Prohibition on Repetitive Investigation

 

If importers and exporters are subjected to repetitive investigations for the same transactions, they may become too nervous to focus on their business. Fortunately, as stipulated in Article 111 of the CUSTOMS ACT (관세법) and Article 136 of the ENFORCEMENT DECREE OF THE CUSTOMS ACT (관세법 시행령), customs reinvestigation is allowed only in limited cases.

CUSTOMS ACT

 

Article 111 (Prohibition from Abusing Right to Investigate Customs Duty)

(1) Customs officers shall conduct a customs duty investigation to the minimum extent necessary to realize proper and fair taxation and to protect lawfulness of customs clearance and shall not abuse the investigation right for other purpose.

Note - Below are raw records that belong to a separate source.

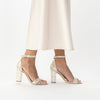 Freya Rose London 'Martene' Bridal Shoe shown on a model. Champagne suede sandal with block Mother of Pearl heel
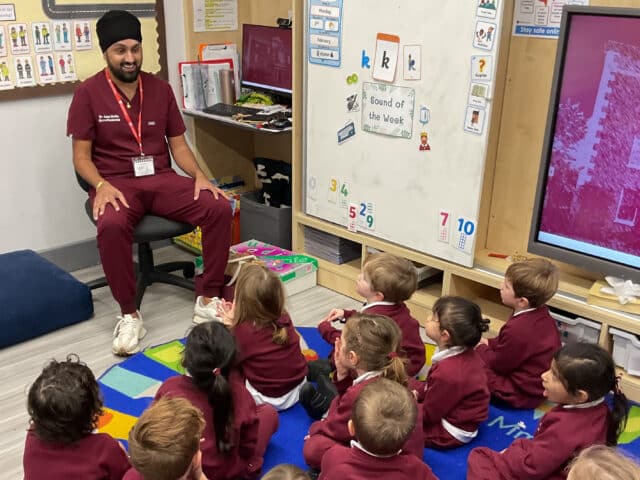 A man in maroon scrubs sits on a chair in front of a whiteboard, speaking to a group of young children in matching maroon uniforms seated on a colourful classroom rug.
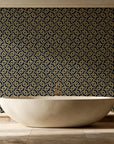 Indigo Labyrinth Midnight Gold geometric wallpaper creating ambiance in a serene spa bathroom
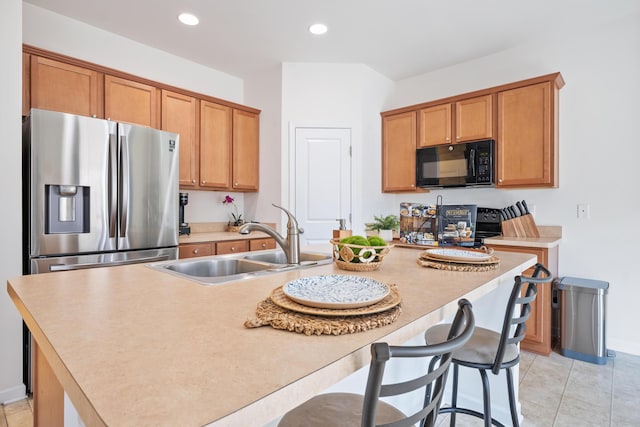 kitchen with a breakfast bar area, sink, a center island with sink, and black appliances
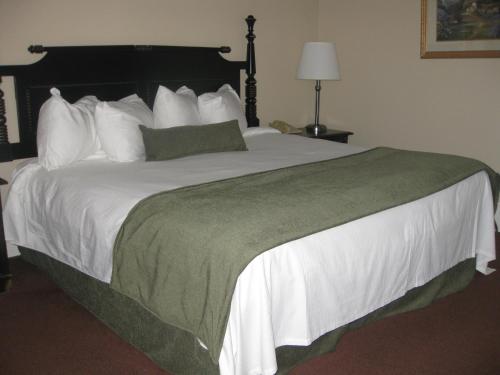 a bedroom with a large bed with white sheets and pillows at Glynmill Inn in Corner Brook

(2) Customs officers are prohibited from reinvestigating the same person who has been investigated in connection with the relevant case except in any of the following subparagraphs:  <Amended on Dec. 19, 2017; Dec. 31, 2023>

1. Where there exists hard evidence corroborating a suspicion of a duty evasion, etc.;

2. Where it is necessary to investigate a trading partner of a person who has been investigated;

3. Where a reinvestigation (limited to a reinvestigation conducted within the scope specified in the text of the written decision) is conducted based on a decision on reinvestigation made under the latter part of Article 118 (4) 2 or the latter part of Article 128 (1) 3 (including cases applicable mutatis mutandis in the main clause of Article 132-4);

4. Where a duty payer provides or offers to provide any money or valuables to any customs officer in connection with the duties of the customs officer;

5. General investigations are conducted against persons who have been on suspicion of tax evasion and other cases prescribed by Presidential Decree.

 

ENFORCEMENT DECREE OF THE CUSTOMS ACT

 

Article 136 (Prohibition on Repetitious Investigation)

"General investigations are conducted against persons who have been on suspicion of tax evasion and other cases prescribed by Presidential Decree" in Article 111 (2) 5 of the Act means the case where a general investigation is conducted on persons suspected of evading customs duties through smuggling, illegal or unfair trade or other acts which disrupt economic order.  <Amended on Apr. 1, 2011; Feb. 2, 2012; Feb. 13, 2018>

 

Simply put, the fact that a general customs investigation has been conducted does not guarantee that a customs offense investigation won’t be conducted. How about the reverse? If someone has undergone a customs offense investigation and received a ‘Not Guilty’ decision, are they then exempt from a general customs investigation for the same transactions? The answer is yes, as confirmed in the recent tax tribunal ruling (Case No. 조심 20230053).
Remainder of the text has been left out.